Posted on: February 8th, 2017 at 5:17 am by
The new Lower East Side waterfront

The new Lower East Side waterfront

As the gold rush continues to polarize the Lower East Side waterfront, it’s the seniors living in 80 Rutgers Slip who are most affected. After all, the proposed 1,000-foot tower is to sit directly atop the this building. Literally built on the backs of seniors.

This is the handiwork of JDS Development in conjunction with Two Bridges Neighborhood Council and Settlement Housing. The latter two organizations – working in tandem against the wishes of its clientele – sold the valuable air rights to the developer for $51 million.

At prior community meetings, area residents voiced concern about how this would affect those living in 80 Rutgers. During a December scoping session, JDS honcho Michael Stern noted that only nine seniors would be relocated during construction. When the new building opens, they would be given new apartments, he said, adding that social workers will be helping to relocate the displaced residents.


Now, however, it’s come to light that those claims may have been a bit misleading, and that, simultaneously, conversations were happening directly with the Department of Housing and Urban Development without consultation of the local officials.

In a November letter to HUD, unbeknownst to local officials, Two Bridges President Victor Papa and Settlement Housing President Alexa Sewell asked the federal agency to sign off on relocation of seniors living at 80 Rutgers. They wrote of the necessity to potentially move the tenants of up to 19 apartments – nine units that would be “obstructed by the tower” (and off-line for 12 months during renovations), plus another ten that would be taken off-line permanently. JDS would provide replacement apartments in its new tower for those units.

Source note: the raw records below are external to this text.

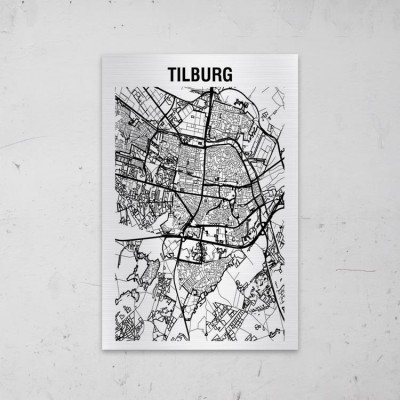 Stadskaart van Tilburg op Aluminium - 1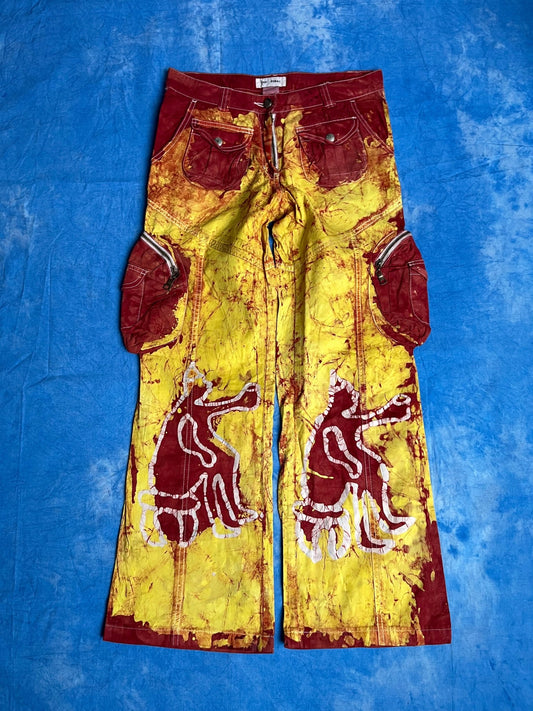 Spodnie Custom Dzwony Yes Esaac 00s S | Piggy Boxer Vintage Shop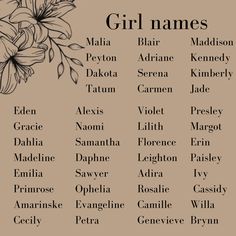 a list of names for girls with flowers on them and the names below each one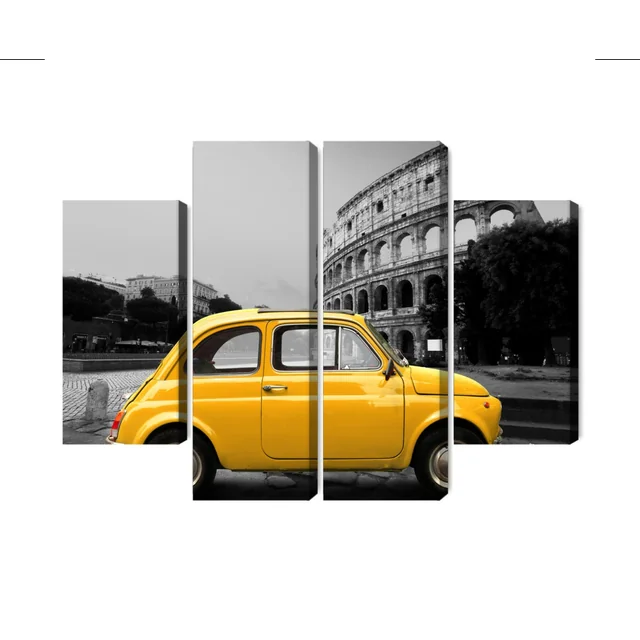 Multi-part Picture of a Yellow Retro Car Against the Background of the Colosseum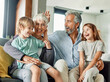 © Lumos sp - grandchild family child grandparent grandfather happy together grandmother girl senior boy man woman smiling granddaughter grandson sofa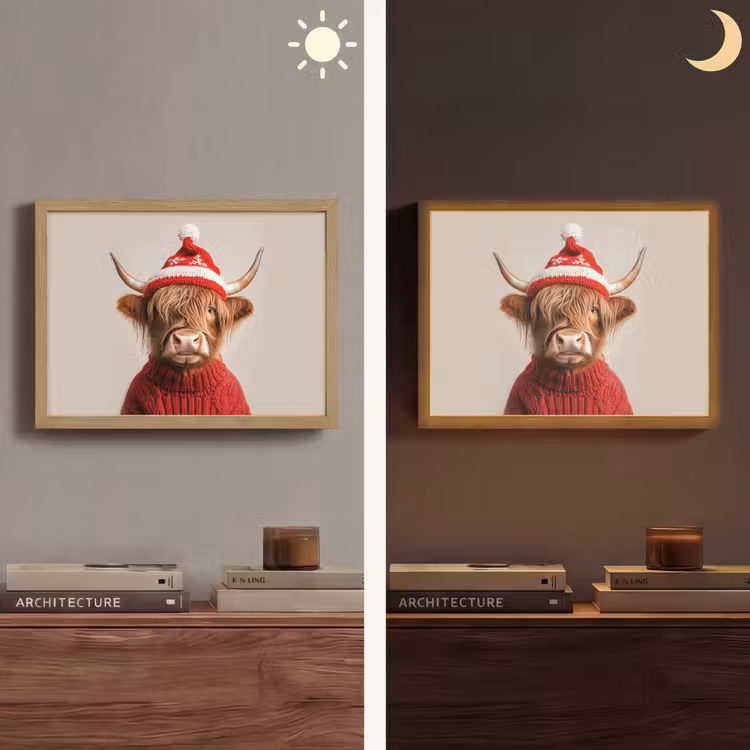 Schotse Hooglander - Kerst - Muts - Trui - Winter Light Box met batterij (Wandlamp) middel -sfeer3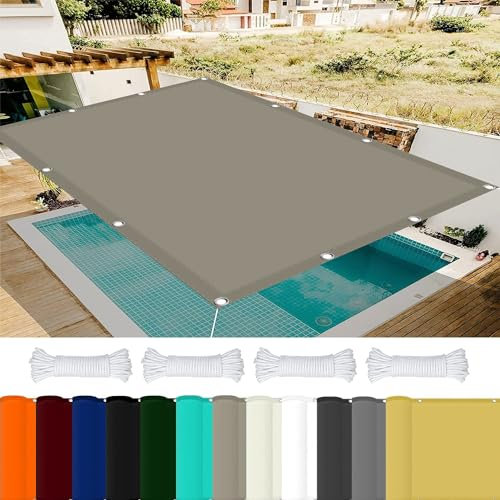 Gartenüberdachung 3 x 5 m 98% UV Schutz Sonnensegel Terrassenüberdachung mit Ösen Und Kordel Reißfest für Balkon Terrasse Garten Camping, Khaki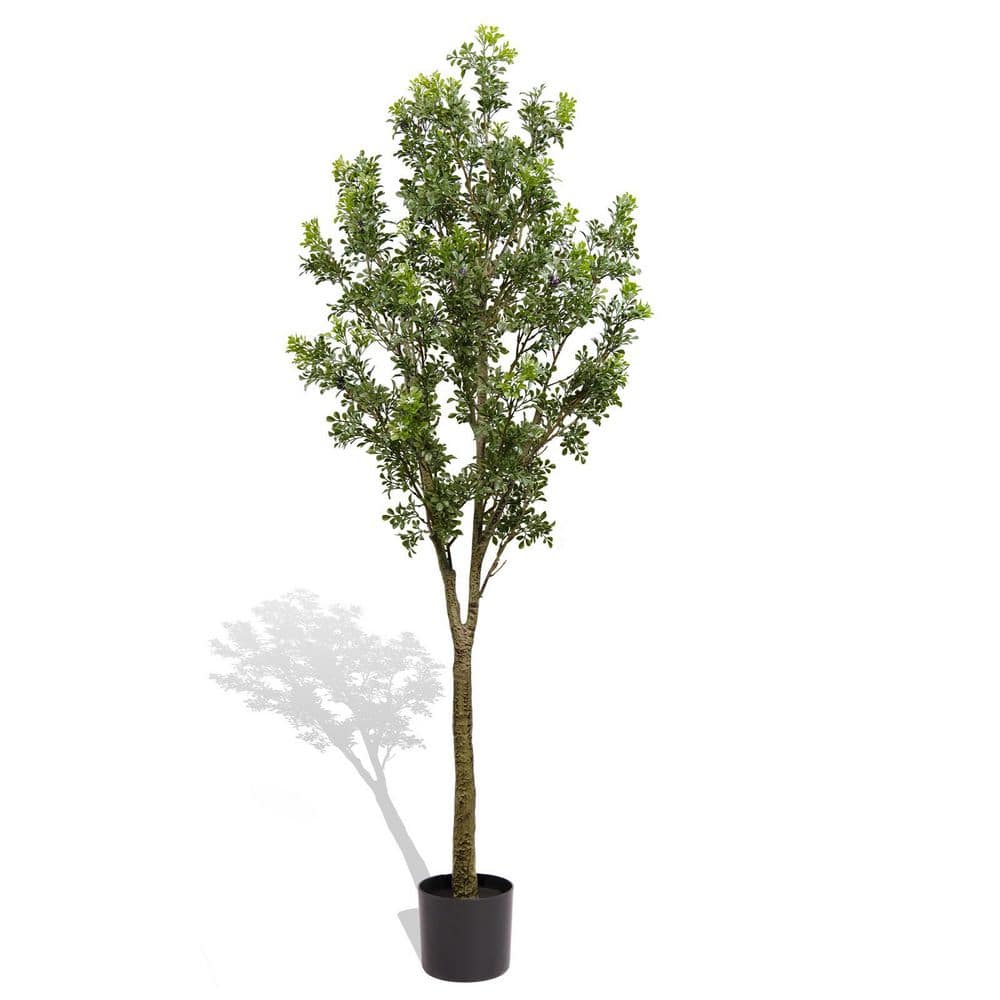 5.9 ft. Artificial Plant Olive Trees in Pot, Large Artificial Curved Branch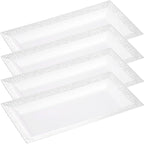Plastic Serving Tray & Platter Set White Lace Disposable Party Trays & Platters - Image 2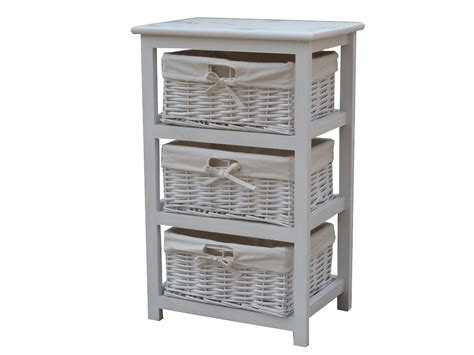 With a strong metal frame and a durable wooden table top, this storage tower is very stable and has an extremely long service life. WOODEN STORAGE TOWER WITH 3 WICKER BASKETS BOXES WITH ...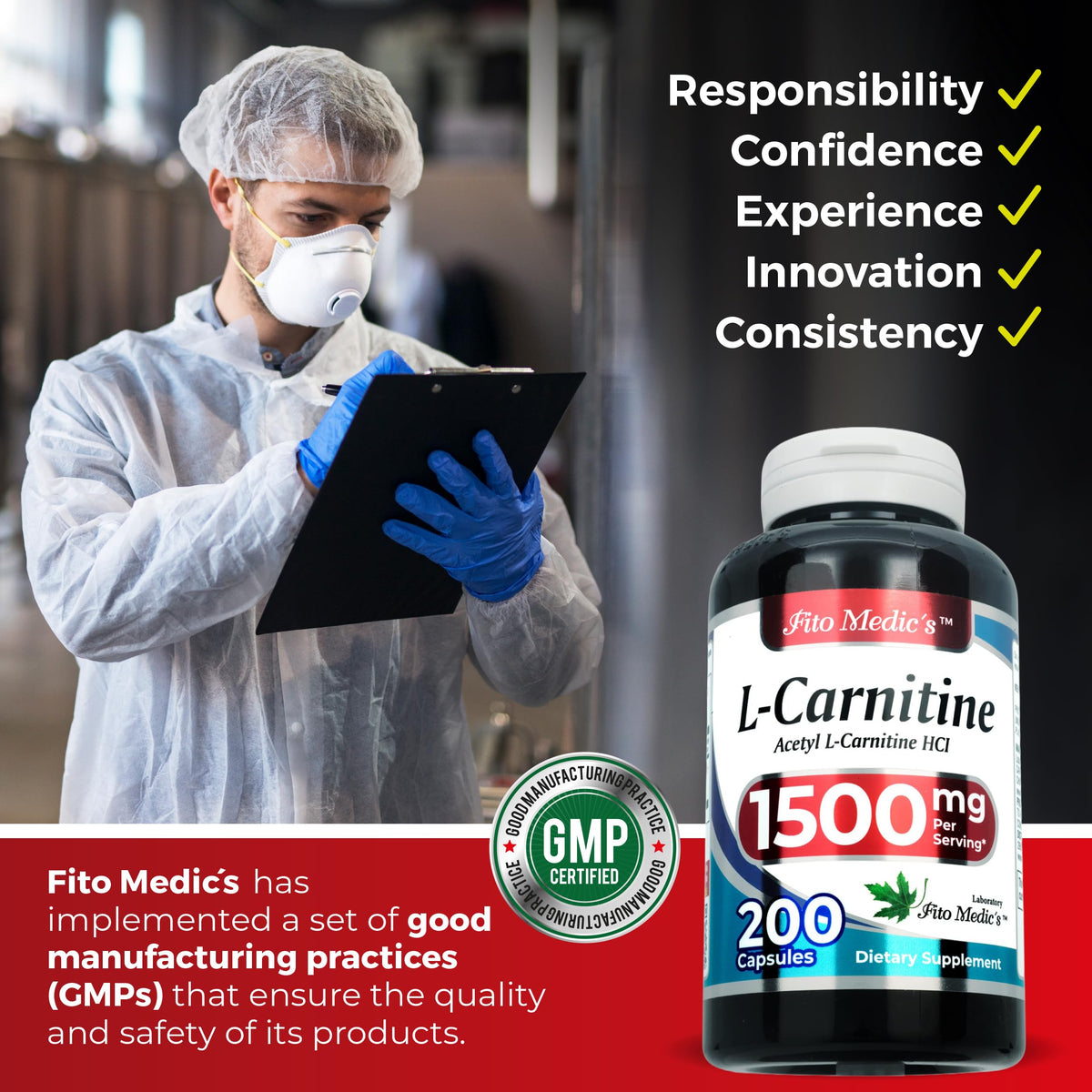 FITO MEDIC'S L-Carnitine en arrière-plan sur un plan de travail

Worst of all, HUD is in approval, stating in an email “our office is in support of this development plan.” However, that formal approval must be sought in the future, as the plan is about two years away from becoming a reality.

And it seems like there’s nothing stopping this gravy train. Even the three-year-old legal action by Little Cherry LLC – Gary Spindler and Roy Schoenberg – hit a snag last week, when the court of appeals ruled against them. As previously reported, the suit claimed that Two Bridges Neighborhood Council and Settlement Housing Fund reneged on an accord to sell 247 Cherry Street to the developers for $4 million. The organizations had entered into a deal with Little Cherry to build a 47-story on the property, but backed out after Little Cherry allegedly failed to obtain permits from the Department of City Planning in time.

There is still a second outstanding lawsuit against JDS charging that the company usurped their development rights to the property.